Posted on 05/13/2002 6:04:59 PM PDT by NathanM

Faulty foundation of the 14th Amendment By Nathan McClintock

Since my column on the First Amendment was published, I have received various comments concerning the use of the 14th Amendment to justify Federal control over States rights. The 14th Amendment, which dates back to 1868, restricts the States from making or enforcing any law that violates the “privileges or immunities of citizens of the United States,” and protects citizens from being deprived of “life, liberty, or property”. This Amendment also gives each person equal protection under the law.

Although this Amendment sounds positive because of its protection of every U.S. citizen’s liberty, there is a flip side. This Amendment has allowed the protection of these rights to change hands from the State level to the federal level. Citizens can protect their rights and liberty best at the State level, because States have smaller populations. Therefore the people have a stronger voice, and are a more powerful political force.

The later part of the 14th Amendment that protects life, liberty, and property has been referred to as the “The Due Process Clause.” In 1897, the U.S. Supreme Court heard the case of Allgeyer v. Louisiana, and using the 14th Amendment to their advantage, the Court struck down for the first time a State statute. Even today, this clause continues to be used by the Federal Courts to strip rights, such as the First Amendment, from the States and hand them over to federal control.

However, a more conservative interpretation would lead us to conclude that this Amendment was designed to protect from discrimination between blacks and whites. Very simply, the Amendment dictated that State governments must give equal rights to all races. When viewed with the fact that the Civil War had terminated only three years prior, this interpretation makes the most sense.

In July of 1866, the U.S. Congress, controlled by a radical Republican majority, voted in favor of the 14th Amendment to act as a protection of civil rights. It must be noted that all 22 U.S. Senators from the Southern States were unseated and denied the privilege to vote on this Amendment. This action, denying Southern Senators their seats in Congress, directly violates Article Five of the Constitution where the States are guaranteed the right to equal suffrage in the U.S. Senate.

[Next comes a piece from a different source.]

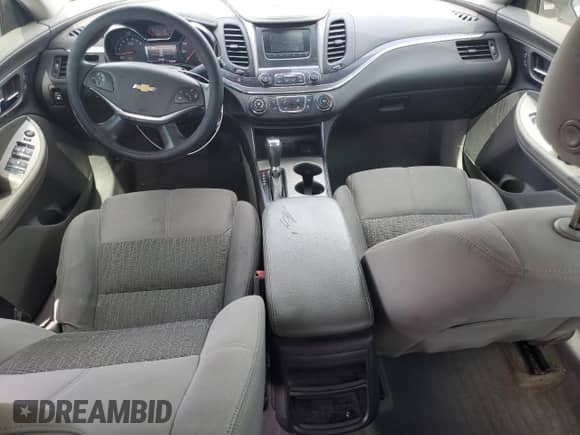 2016 Chevrolet Impala LS с VIN 2G11Z5SA1G9152908, выставлен на аукционе Copart как лот 70293945 с пробегом 151 794 миль миль и Чистый • Clean title. История ставок и продаж доступна на DreamBid. Изображение 8.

However, before any amendment becomes law, at least three-fourths of the States are required to ratify the proposed amendment in State conventions. Yet when the 14th Amendment went to the States for ratification, the southern States, with the exception of Tennessee, refused to sign signifying that many citizens opposed it.

Nevertheless, those in the U.S. Congress did not give up. They quickly passed “The Reconstruction Act” of March 1867, which divided the Southern States into five districts. Andrew Johnson, who was the U.S. President at the time, vetoed the “Reconstruction Act.” Congress, undeterred, voted to override the veto, and later decided to impeach Johnson because of his opposition to the Act.

In this way, the Federal Congress abolished the State governments in each of these districts, and sent a large military force to the region, effectively placing the Southern States under military dictatorship. This Act required that each State set up a new government by hosting a Convention whose duty it was to draft a State Constitution. Prior to a Convention, delegates to the Convention would have to be elected.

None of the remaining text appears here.